5. Suzanne Clement, Laurence Anyways
If titular Laurence (Melvil Poupaud) is the voicebox of director Xavier Dolan for a new generation of tolerance, then Fred (Clement) is the heart. Make no mistake, Poupad gives a very good performance as a man breaking the news to his girlfriend of multiple years that he’s going to become a woman, but it’s Clement who imbues the film with every ounce of joy and heartache. Like Blue is the Warmest Color this film charts a lengthy LGBT romance, and is perhaps overlong (unlike Blue this one has some gorgeous music video worthy sections, clothing falling from the sky and all) but Clement hits every up and down with ferocity.
4. Elle Fanning, Ginger & Rosa
Ginger (Fanning) becomes obsessed with the idea of nuclear war. Curiously her obsession starts when her 17-year-old best friend (Alice Englert) begins sleeping with her father. It’s fascinating to watch Fanning hold in her own ticking bomb. Older radicals take her in, but she’s no activist: she’s a teenager escaping a secret. When she releases it, Fanning nails perhaps the best single scene from a performer that I’ve seen this year. The film hinges on her ability to keep the secret and her ability to sell how painful it is to reveal to her family. Fanning is truly remarkable.
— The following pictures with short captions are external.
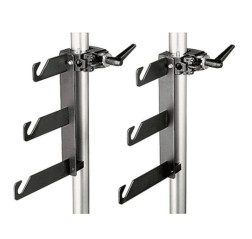 MANFROTTO 044 SOPORTE DE FONDOS 3 GANCHOS Y 2 PINZAS 035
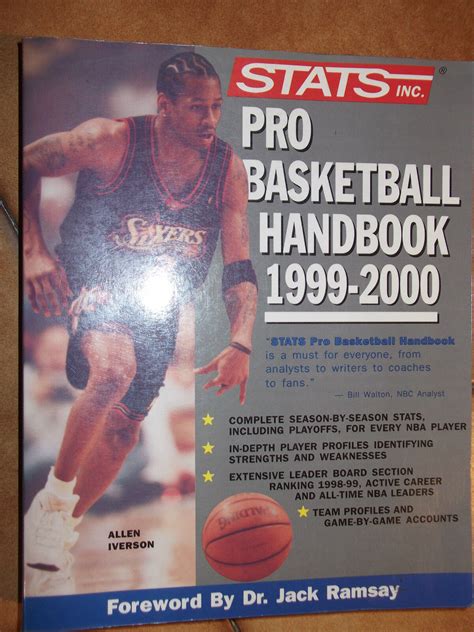 Stats pro basketball handbook 1999 2000. - Sony cfd s01 cd radio cassette corder service manual.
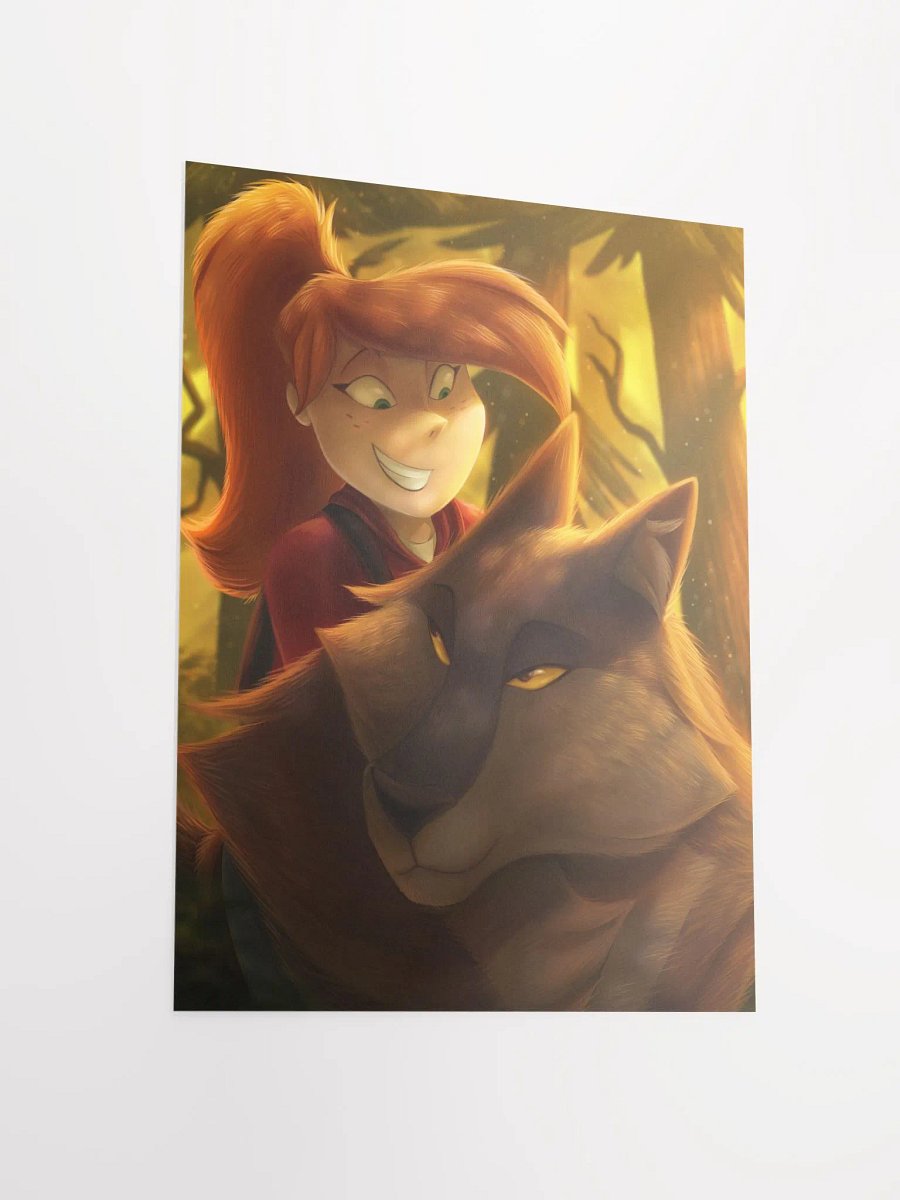Cassie & the Wolf Poster product image (16)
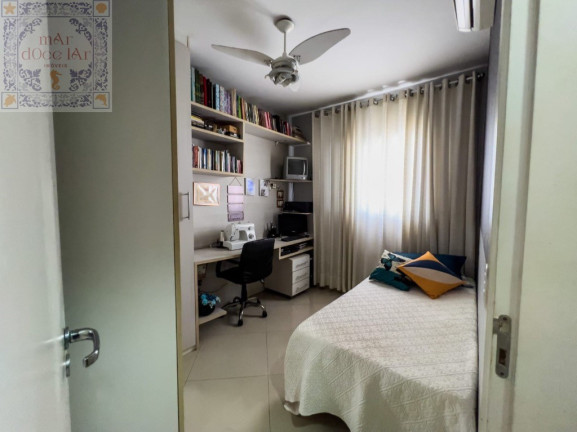 Imagem Apartamento com 3 Quartos à Venda, 92 m² em Ponta Da Praia - Santos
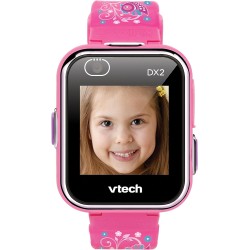 VTech Kidizoom Smartwatch DX2 Rosa, Orologio Interattivo Schermo Touch a Colori VT193846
3. Oscar Isaac, Inside Llewyn Davis
Isaac walks a character tightrope in Llewyn Davis . He has shades of a selfish egocentric, but he genuinely does try to make things right. Well, it seems like he will. Isaac and the Coen Brothers are in on a timing trick that flips the movie on its head, and Isaac is able to sell the storyline to one that appears to be in tune to one foot in front of the other. Instead, it’s all a stumble.
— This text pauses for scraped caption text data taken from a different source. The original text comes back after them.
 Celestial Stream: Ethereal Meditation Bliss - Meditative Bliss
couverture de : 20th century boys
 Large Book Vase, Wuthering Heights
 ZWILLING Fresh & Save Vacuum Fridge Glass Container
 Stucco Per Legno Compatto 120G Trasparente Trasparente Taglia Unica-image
2. Leonardo DiCaprio, The Wolf of Wall Street
I might not have been won over by The Wolf as a movie, but I cannot deny that DiCaprio is simply amazing. DiCaprio was giving a very good, thorough performance, but there were two scenes that pushed him into another stratosphere and the performance into the DiCaprio Hall of Fame (trophy filled with cocaine). First, is a friendly chatter feeler with an FBI investigator (Kyle Chandler) where a turned down bribe leads to DiCaprio passive aggressively raining “fun coupons” ($100 bills) on the investigator. The second has to be seen to be believed: DiCaprio contorts to a drugged rag doll that cannot stand up. The fear on DiCaprio’s face when he encounters stairs and the joy when he encounters cocaine to pick him back up is, well, unlike we've ever seen from him before. Damn. I just wish I liked the movie. I’d take the DiCaprio as Jordan Belfort Greatest Hits, though.
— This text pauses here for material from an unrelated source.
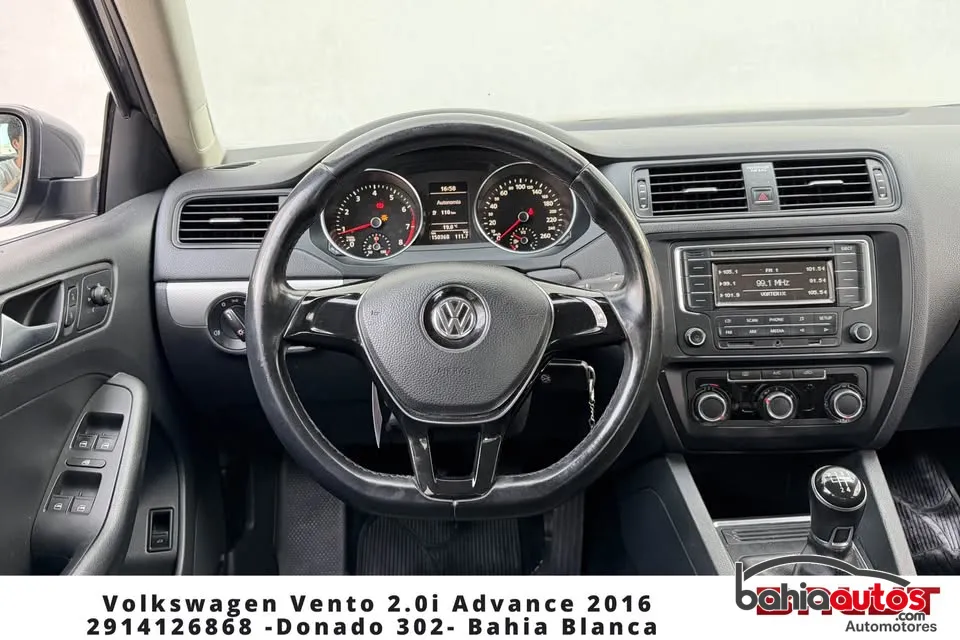 Volkswagen Vento 2016 usado en Bahía Blanca - foto 8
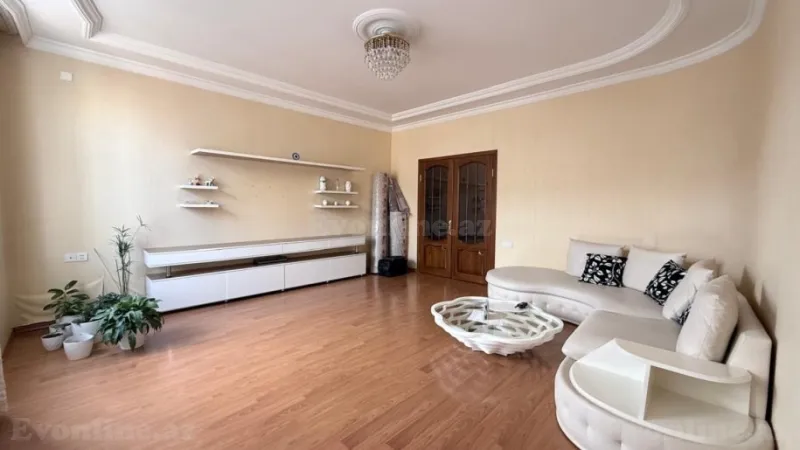 Satılır 3 otaqlı Mənzil Yeni tikili 120 m² Nəriman Nərimanov m. - şəkil 3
1. Joaquin Phoenix & Scarlett Johansson, Her
These two are together because, for the high concept to succeed, the whole film depends on the believability of their interplay. And Johansson wasn’t even on set. That speaks so much to the greatness of Phoenix’s performance as a professional letter writer who falls in love with his personal data device. We haven’t really seen Phoenix like this: creating joy tics, being in awe. He’s charming and he’s funny. However, for the film to work as well as it does it requires him to fall in love with a device in his ear (voiced by Johansson, who last minute pinch hit replaced Samantha Morton in post production). Johansson, stripped of her body, is coy, sexy, playful and smart without it. Replacing Morton with Johansson is a move of genius. It allows Johansson to be more than she’s been perceived to be (or allowed to be), thus far in other films. Man, Theodore missed out, though.